Requirement:
Print the data verbatim. Leave every image out.

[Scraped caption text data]
- Opening Delimiter -
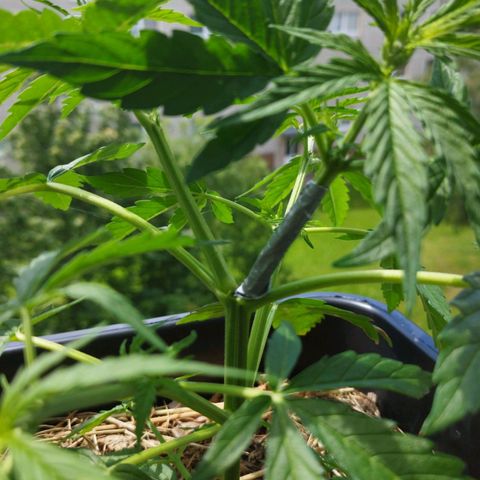 Kriddisch growlog photo: Upsi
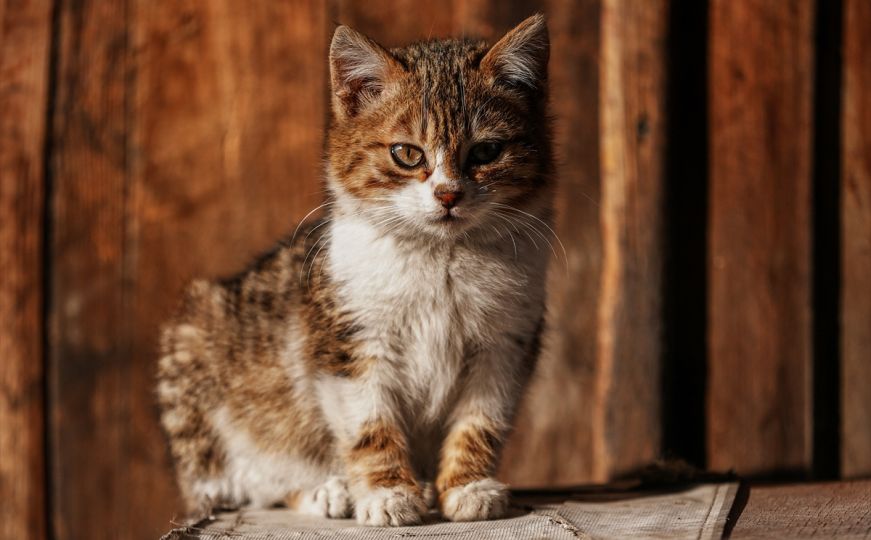 Fascinantno objašnjenje: Evo zašto se mačke čudno ponašaju kada ugledaju pticu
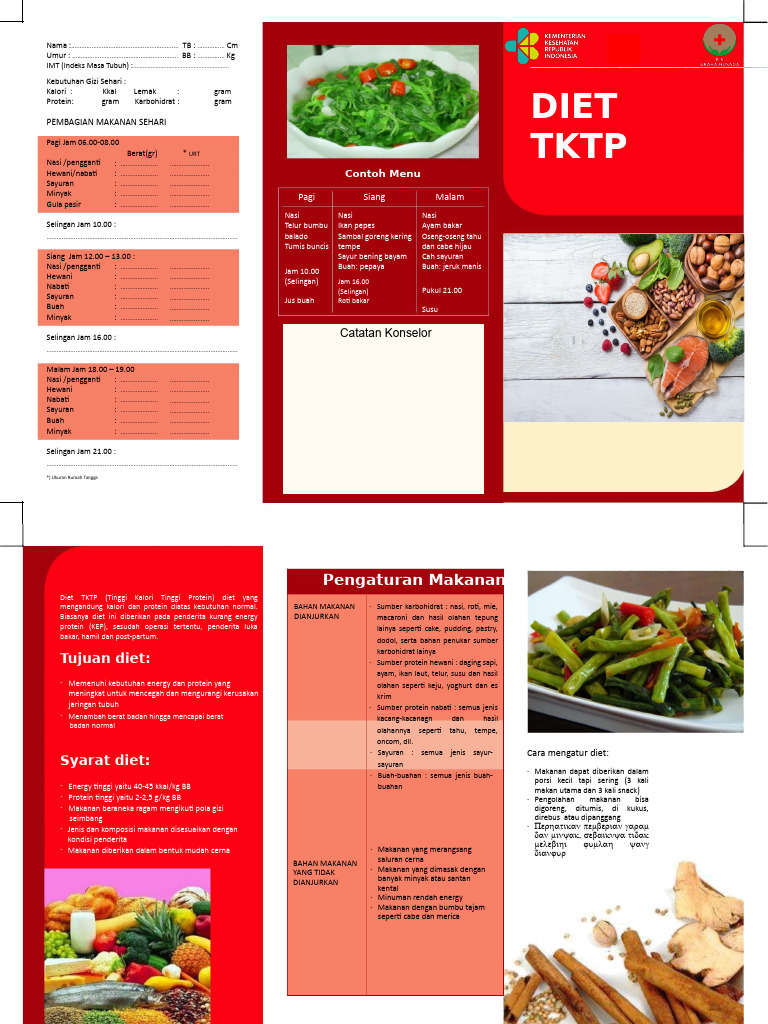 Panduan Diet TKTP Kemenkes | PDF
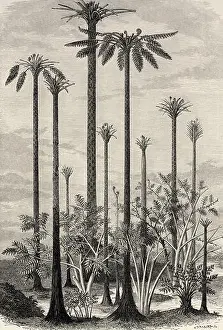 Landschaftsfotografie Drucke: Landschaft der primitiven Welt
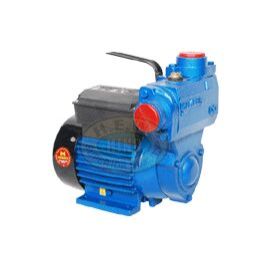 Stout Monoblock Pump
- Closing Delimiter -
Answer to this exercise:
 Kriddisch growlog photo: Upsi
 Fascinantno objašnjenje: Evo zašto se mačke čudno ponašaju kada ugledaju pticu
 Panduan Diet TKTP Kemenkes | PDF
 Landschaftsfotografie Drucke: Landschaft der primitiven Welt
 Stout Monoblock Pump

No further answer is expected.